• **PROBLEM REQUIREMENTS**
In the data below, set down exactly the lines from the one containing "Mazda Demio image 4" up to and including the one containing "Adorable Townhome with Water Views - Image 1". Leave the pictures out.

• **RAW DATA**
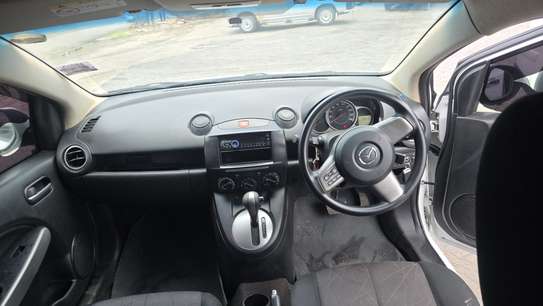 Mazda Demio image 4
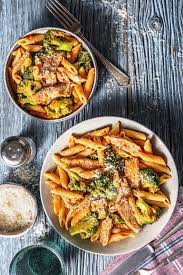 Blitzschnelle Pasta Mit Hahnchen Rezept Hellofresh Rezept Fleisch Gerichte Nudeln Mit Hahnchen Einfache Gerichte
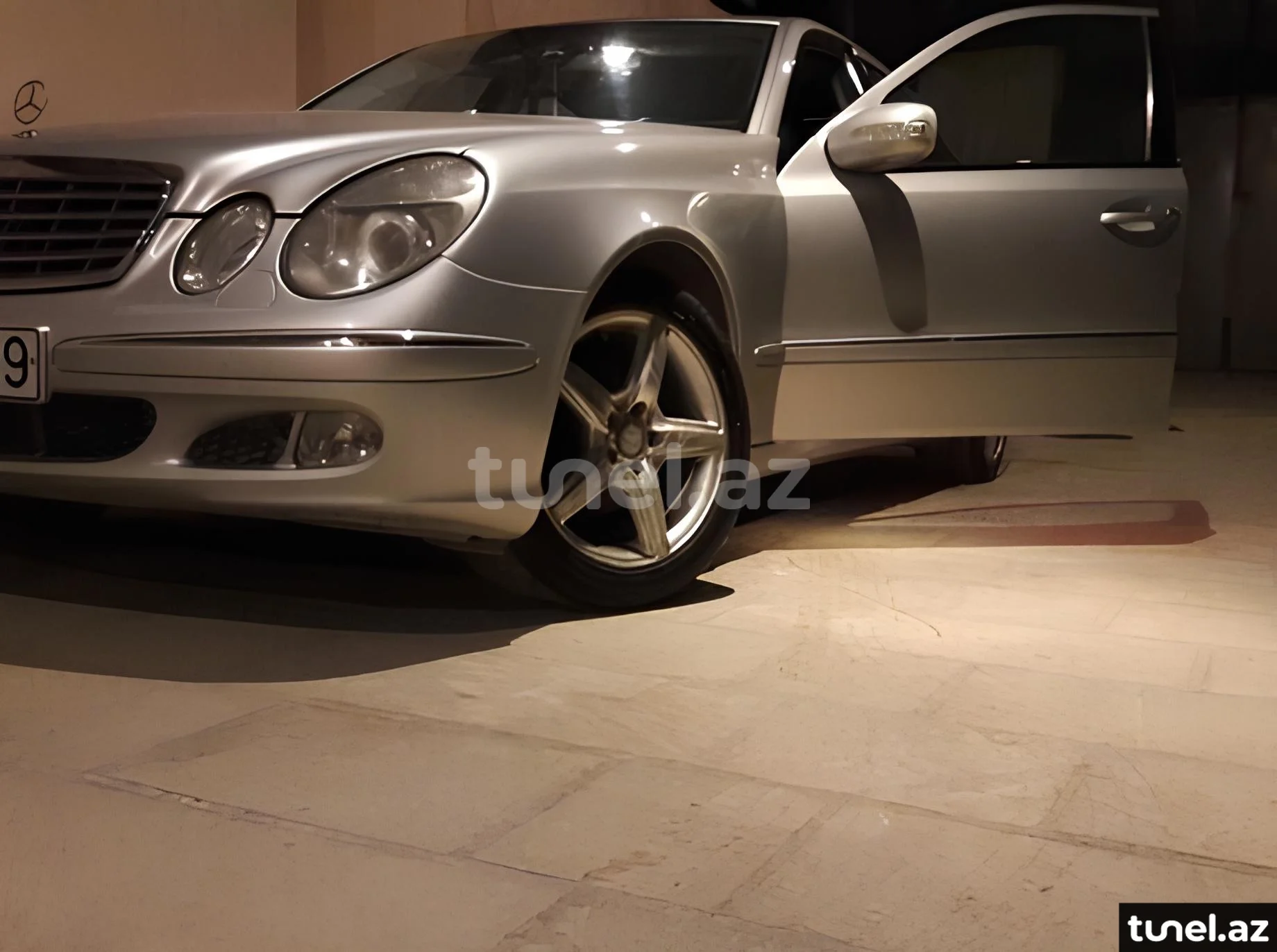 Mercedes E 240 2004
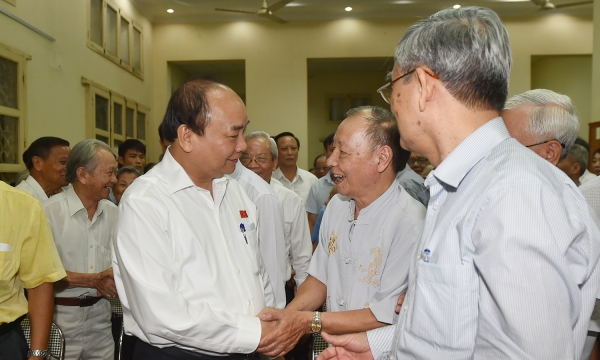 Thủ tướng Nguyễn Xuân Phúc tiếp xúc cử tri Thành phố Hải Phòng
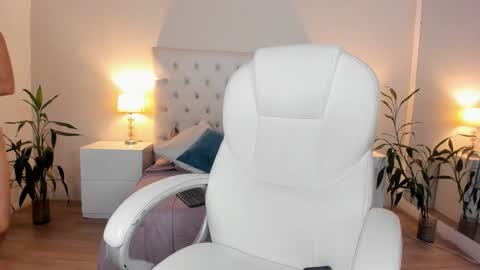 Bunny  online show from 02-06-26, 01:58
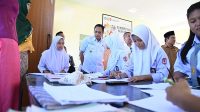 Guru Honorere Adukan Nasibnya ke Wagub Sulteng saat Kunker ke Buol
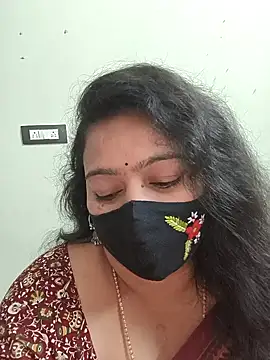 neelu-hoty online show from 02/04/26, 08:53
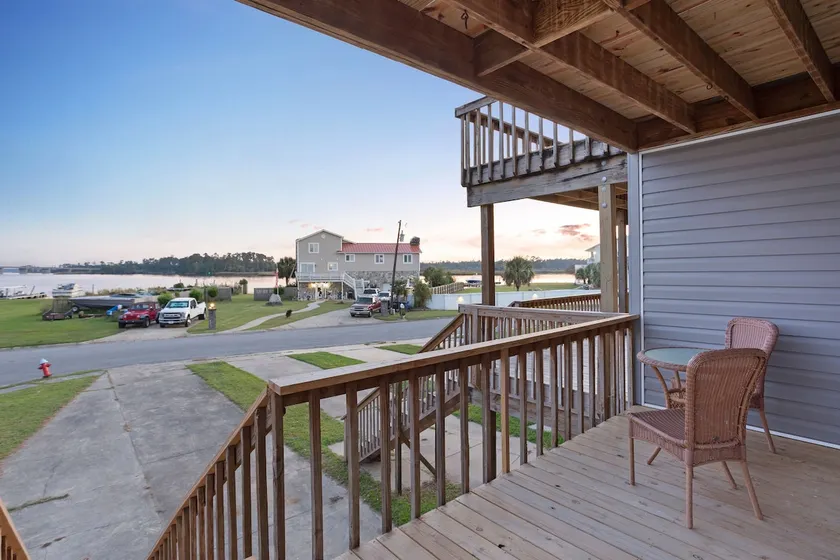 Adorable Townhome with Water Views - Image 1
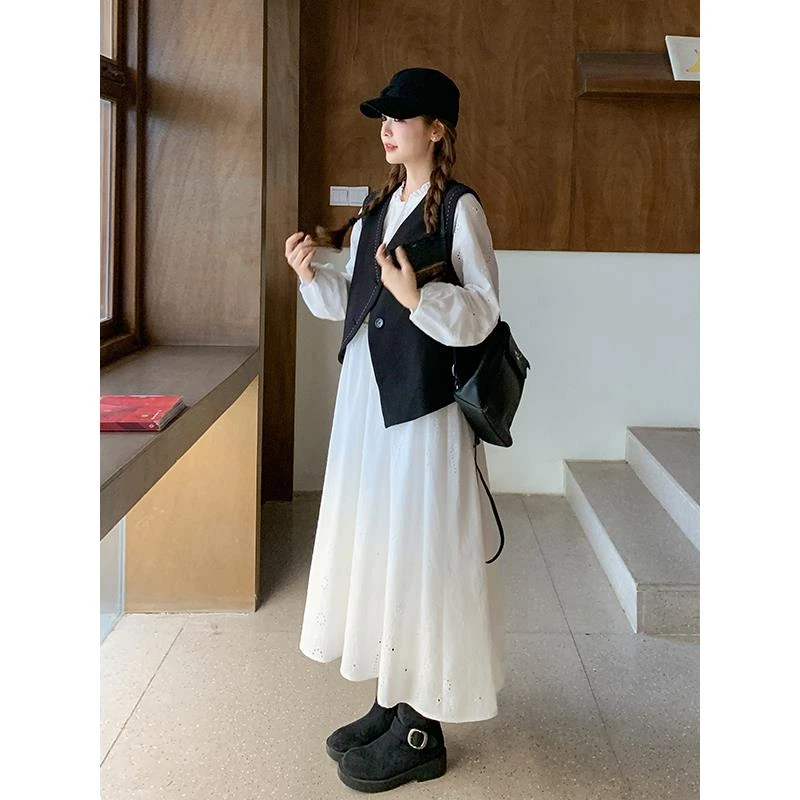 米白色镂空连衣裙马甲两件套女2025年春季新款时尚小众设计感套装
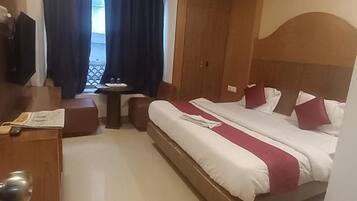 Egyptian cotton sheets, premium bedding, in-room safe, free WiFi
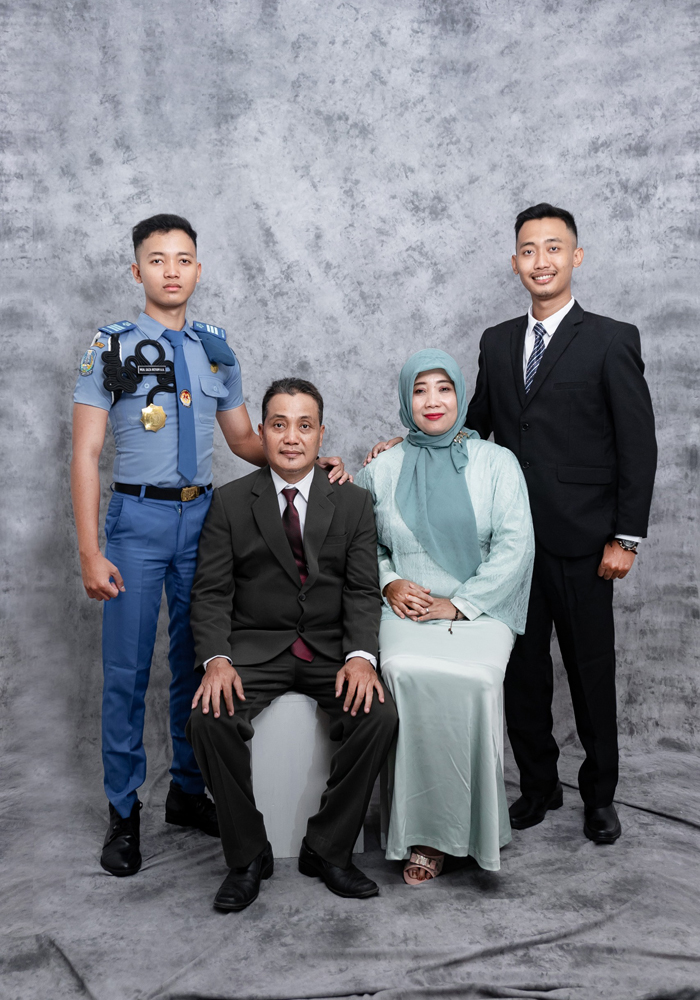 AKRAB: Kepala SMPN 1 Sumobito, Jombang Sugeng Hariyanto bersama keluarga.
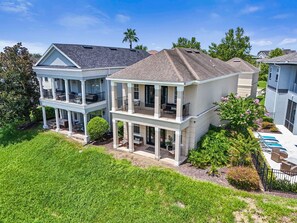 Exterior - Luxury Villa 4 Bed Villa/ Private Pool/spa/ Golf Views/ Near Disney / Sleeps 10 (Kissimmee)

* * *

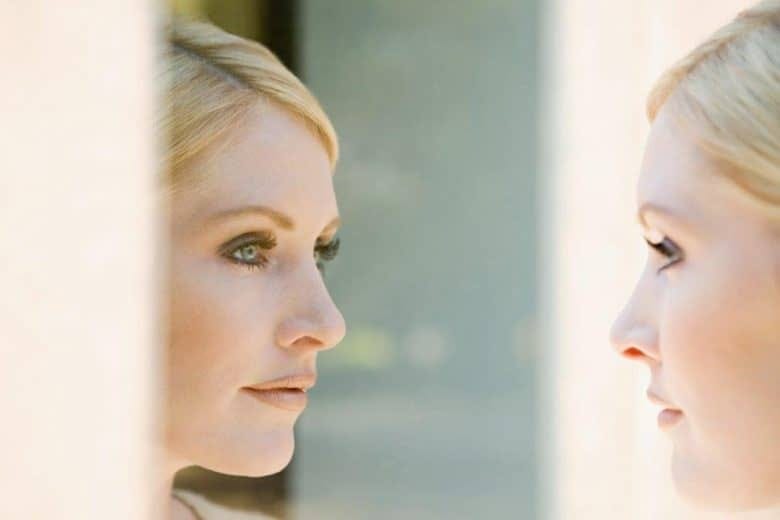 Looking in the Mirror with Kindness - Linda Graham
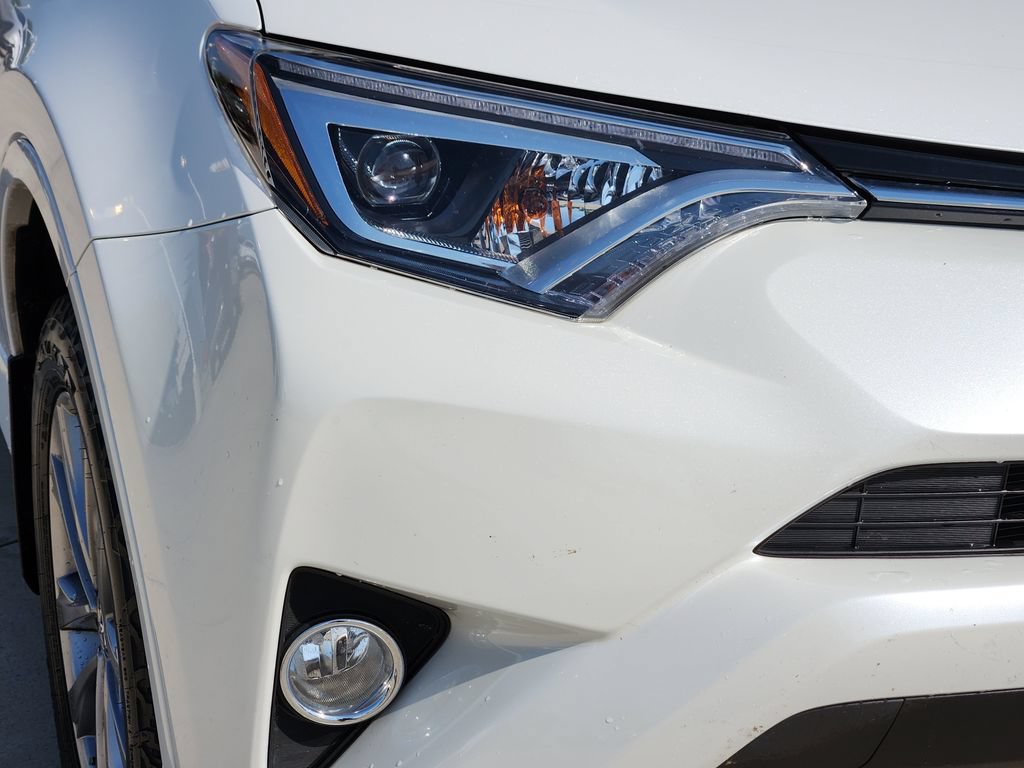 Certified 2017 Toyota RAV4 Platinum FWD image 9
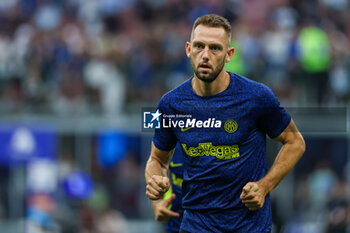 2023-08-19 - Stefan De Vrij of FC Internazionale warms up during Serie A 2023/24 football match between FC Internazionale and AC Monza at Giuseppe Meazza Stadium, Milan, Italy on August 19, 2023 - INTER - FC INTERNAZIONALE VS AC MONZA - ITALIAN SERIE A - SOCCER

• **WRITTEN SOLUTION**
 Mazda Demio image 4
 Blitzschnelle Pasta Mit Hahnchen Rezept Hellofresh Rezept Fleisch Gerichte Nudeln Mit Hahnchen Einfache Gerichte
 Mercedes E 240 2004
 Thủ tướng Nguyễn Xuân Phúc tiếp xúc cử tri Thành phố Hải Phòng
 Bunny  online show from 02-06-26, 01:58
 Guru Honorere Adukan Nasibnya ke Wagub Sulteng saat Kunker ke Buol
 neelu-hoty online show from 02/04/26, 08:53
 Adorable Townhome with Water Views - Image 1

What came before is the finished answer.